PostgreSQL Continuous Archiving and Point-in-Time Recovery

At all times, PostgreSQL maintains a write ahead log (WAL) in the pg_wal/ subdirectory of the cluster’s data directory. The log records every change made to the database’s data files. This log exists primarily for crash-safety purposes: if the system crashes, the database can be restored to consistency by “replaying” the log entries made since the last checkpoint. However, the existence of the log makes it possible to use a third strategy for backing up databases: we can combine a file-system-level backup with backup of the WAL files. If recovery is needed, we restore the file system backup and then replay from the backed-up WAL files to bring the system to a current state. This approach is more complex to administer than either of the previous approaches, but it has some significant benefits:

We do not need a perfectly consistent file system backup as the starting point. Any internal inconsistency in the backup will be corrected by log replay (this is not significantly different from what happens during crash recovery). So we do not need a file system snapshot capability, just tar or a similar archiving tool.
Since we can combine an indefinitely long sequence of WAL files for replay, continuous backup can be achieved simply by continuing to archive the WAL files.

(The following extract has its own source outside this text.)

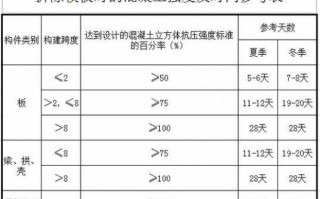 长方体的混凝土计算方法-长方体混凝土模板施工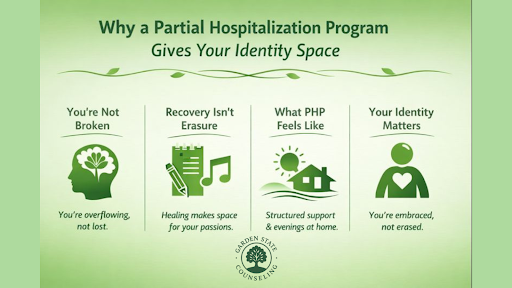 why-a-partial-hospitalization-program-doesnt-steal-your-identity-it-gives-it-space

This is particularly valuable for large databases, where it might not be convenient to take a full backup frequently.
It is not necessary to replay the WAL entries all the way to the end. We could stop the replay at any point and have a consistent snapshot of the database as it was at that time. Thus, this technique supports point-in-time recovery: it is possible to restore the database to its state at any time since your base backup was taken.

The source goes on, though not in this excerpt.